魯迅の翻訳と訳者の雑感 大連、京都の随想など
1935年
葉紫作「豊収」序
作者が創作すると、その中の事情に対して、必ず自分で体験することも無いが、やはり一番良いのは自ら経験することだ。難詰する人は問う:それでは殺人を描くには自分で人を殺すのが最も良く、妓女を描くには自分で淫売に行かねばならぬか?答えは:否だ。私がいう経歴するというのは、所遇、所見、所聞であって、必ずしも所作(行った所)ではないが、所作は当然ながら内面も含むことができる。天才たちのどんな大きな物語も、結局やはり無から創造することはできない。神や鬼(幽霊)を描くには、対証はないから、本来もっぱら神の思いに基づき、所謂「天馬空を行く」のように描けるが、描きだしてみると、三つ目とか長い首などにすぎず、すなわちいつも人体で目にするもので、目を一つ増やし、首を2-3尺伸ばすというのみ。こんなことが何の本領、どんな創造だと言えよう?
地球はただ一つの世界だが、実際はいろいろで、人々の空想の陰陽両世界より、とてもすごいものである。この一つの世界の中で、軽蔑し、憎悪し、圧迫し、恐怖し、他の世界の人を殺すが、彼らはそれを知らないから、描くことができないので、自ら「第3種人」と称し、「芸術の為の芸術」として描けたとしても、せいぜい三つ目や長首にすぎぬ。
「もっと光を」?(ゲーテの言葉を題名にした杜衡の長編小説1934年)人を騙すな!諸君の目はどこについているのか?
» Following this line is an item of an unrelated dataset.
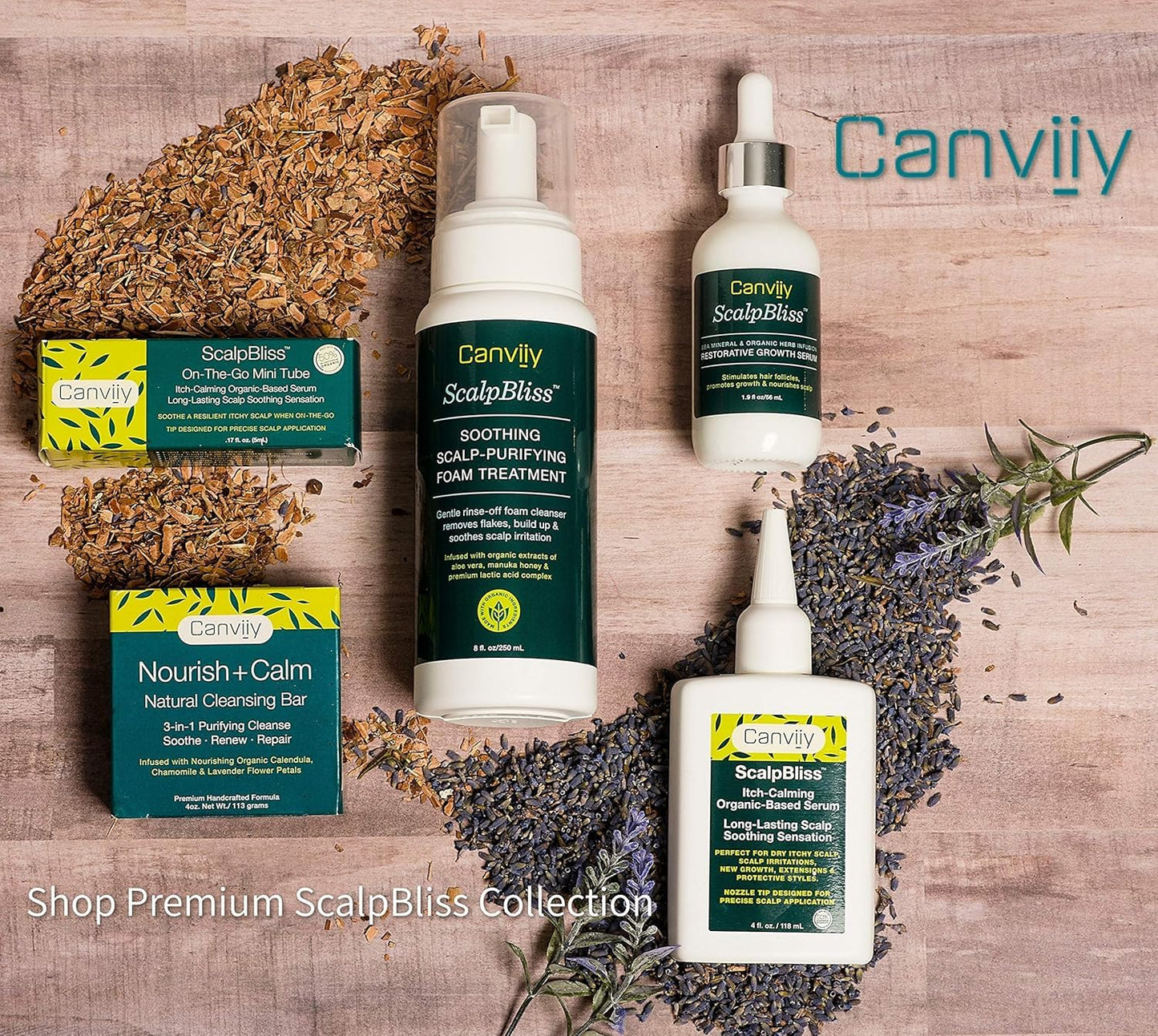 ScalpBliss Itch-Calming Serum - Long-Lasting Moisturizer for Dry, Itchy Scalp | Enriched with Aloe Vera & Peppermint Oil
偉大な文学は永遠だ、と多くの学者はいう。確かに永遠だ。が、私はボッカチオ、ユーゴより、チェホフ、ゴーリキーの本を読む。それは、より新しく、我々の世界により近いからだ。中国もまだ「三国志演義」や「水滸伝」が盛行だが、これは社会にまだ三国や水滸の気があるからだ。「儒林外史」の作者の手法が、羅貫中より下だということがあろうか?
しかし、留学生がこの世にあふれだして以来、こうした本は永遠でも偉大でもなくなった。偉大なものも人に理解してもらわなければならない。
ここに載せた6つの短編はすべて泰平世界の奇聞だが、今やごく普通のことで、ごく普通だから我々には密接で大きな関係がある。作者は青年だが、彼の経歴は泰平な世の中の順民としてこの世紀の間の経歴に抵触し、転輾とした生活の中で、彼に「芸術の為の芸術」を要求するが、彼はそれができない。ただ、我々の中にはこのような芸術が理解できる人がいて、誰が何と言おうとも心配することはない。
これが即ち偉大な文学だろうか?否。我々自身もそんなことは言わない。「中国にはなぜ偉大な文学が生まれないのか?」多くの指導者の教訓を聞いたが、彼らは独善的で、一面で作者と作品を痛めつけて来たのを忘れている。「第3種人」は我々に教訓を垂れた。ギリシャ神話に、何とか言う悪鬼がいて、人を捕えてはベッドに寝かせ、短いと彼を引きのばし、長すぎると短く切る、と。左翼批評家はまさにこのベッドで、彼らに何も書けなくさせてしまった。今このベッドが本当に置かれたが、なんと「第3種人」だけが長くも短くも無く、ちょうどいい具合に寝られるようだ。天に唾をはくと自分の目に落ちるが、世の中はまさにこうした事が起こっているのだ。
但し、我々にはまだ物を書ける作家がおり、作品も痛めつけられながらも堅実さを増している。大勢の青年読者の支持のみならず、「電網外」が「文学新地」に「王伯伯」の題で発表後、世界の読者を得た。(出版社注:ロシア語に訳されて紹介された)これはまさしく作者が既に目下の任務を果たし、また圧迫者への回答だ:文学は戦闘である!
私は作者の更に多くの良い作品が読めるようになることを希望する。
1935年1月16日 魯迅 上海にて記す。
訳者雑感:中国にはなぜ偉大な文学が生まれないのか?人の魂を揺さぶるような作品が数えるほどしかない。魯迅の幾つかの作品は世界各国に翻訳され、読み継がれて来た。しかし本国では教科書から消え、金庸氏の「作品」(武侠小説とか時代劇的大衆小説)の方が人気もあり、よく売れている。ノーベル賞作家の作品も読まれているが、人の魂に触れるような作品かどうなのか、まだ定まっていない。そもそも「小説」という名を与えたように、所謂文学としての「小説」を精魂こめて書くと言う伝統が短く、戯作とか劇本という類の扱いであって、読者と観客がはらはら・どきどきするような「章回小説」じたてのものが圧倒的に多くて、偉大な作品が生まれてこなかったのだろうか?